Jak dotąd, istniały różne przyczyny dyskryminacji: ze względu na kolor skóry, pochodzenie czy płeć. Zdaniem ateistów będących "Za życiem", aborcja to forma dyskryminacji ze względu na wiek, czucie i żywotność tudzież brak umiejętności. W tym miejscu zadają następujące pytanie: czy jeśli mąż porzuci swoją bezrobotną żonę i jej dwuletnie dziecko, to czy wolno będzie zabić ów dwulatka, by ulżyć jego matce finansowo i uchronić go przed czekającą go biedą ? Czy wolno będzie zabić nam przedszkolaka ze względu na na fakt, że nie potrafi prowadzić samochodu ?

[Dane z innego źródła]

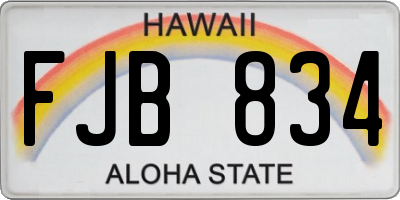 HI license plate FJB834
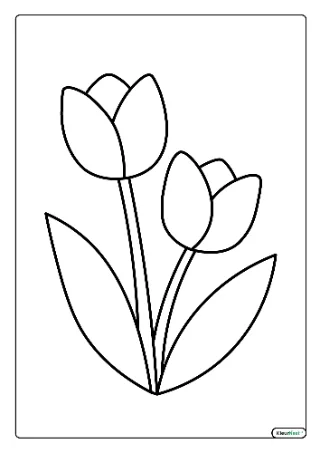 Simpele tulp kleurplaat — gratis printbare PDF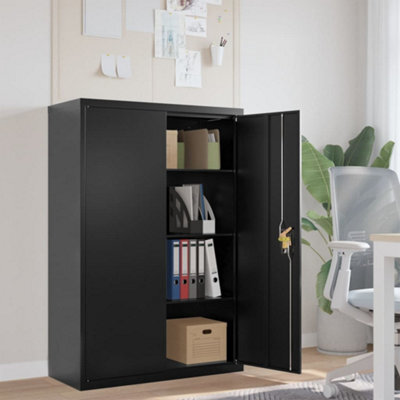 Berkfield File Cabinet Black 90X40X140 Cm Steel - image 1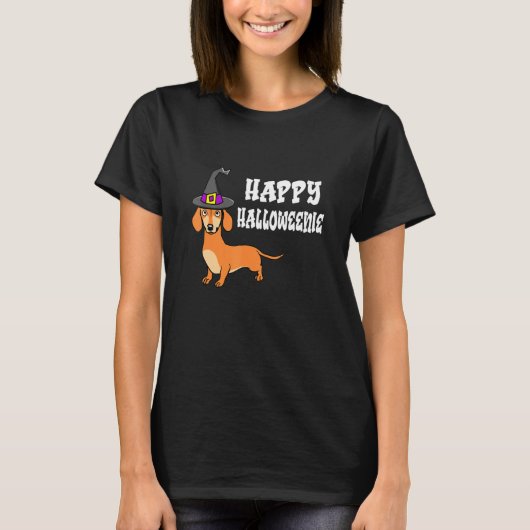 Happy Halloweenie Happy Halloween Dackel T-Shirt (Vorderseite)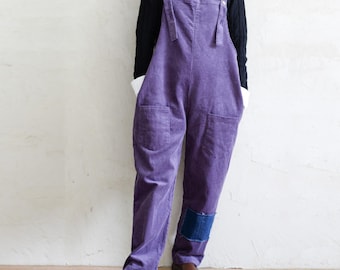 Comfortabele lila corduroy-overall dames: comfortabele katoenen jumpsuit, broek met verstelbare bandjes
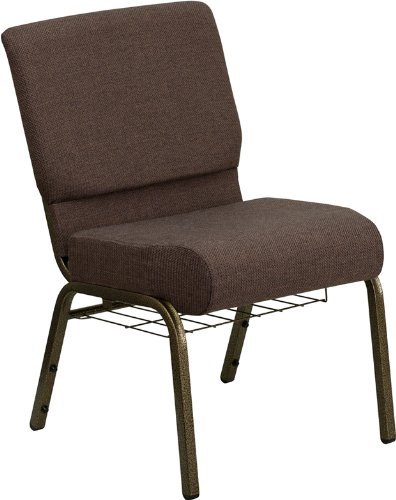 0812581012583 - FLASH FURNITURE FD-CH0221-4-GV-S0819-BAS-GG HERCULES SERIES 21-INCH EXTRA WIDE BROWN CHURCH CHAIR WITH 4-INCH THICK SEAT/GOLD VEIN FRAME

Przedstawiciele humanizmu, mający długą historię bycia świeckim głosem sprawiedliwości społecznej i równości, nie boją się stawiania takich pytań. Sprawiedliwość społeczna,  prawa człowieka i obrona marginalizowanych historycznie stoją u podstaw takich działań. Sprzeciw humanistów pro-life wobec jakiejkolwiek dyskryminacji obejmuje  w oczywisty sposób także niezgodę na zabijanie nienarodzonych dzieci chorych, odmiennych somatycznie i niepełnosprawnych. "Humaniści pro-life potwierdzają Powszechną Deklarację Praw Człowieka w swoim dekrecie, zgodnie z którym prawa człowieka należą do wszystkich członków rodziny ludzkiej i uważamy, że prawo do życia, przyznane w artykule 3 Powszechnej Deklaracji, powinno mieć zastosowanie nawet do najmłodszych i najsłabiej rozwiniętych członków naszego gatunku. Odmawianie każdemu biologicznemu członkowi naszego gatunku jego podstawowego prawa do dalszego istnienia jest pogwałceniem samych zasad równości i integracji, które są podstawą humanizmu." - czytamy na stronie internetowej organizacji.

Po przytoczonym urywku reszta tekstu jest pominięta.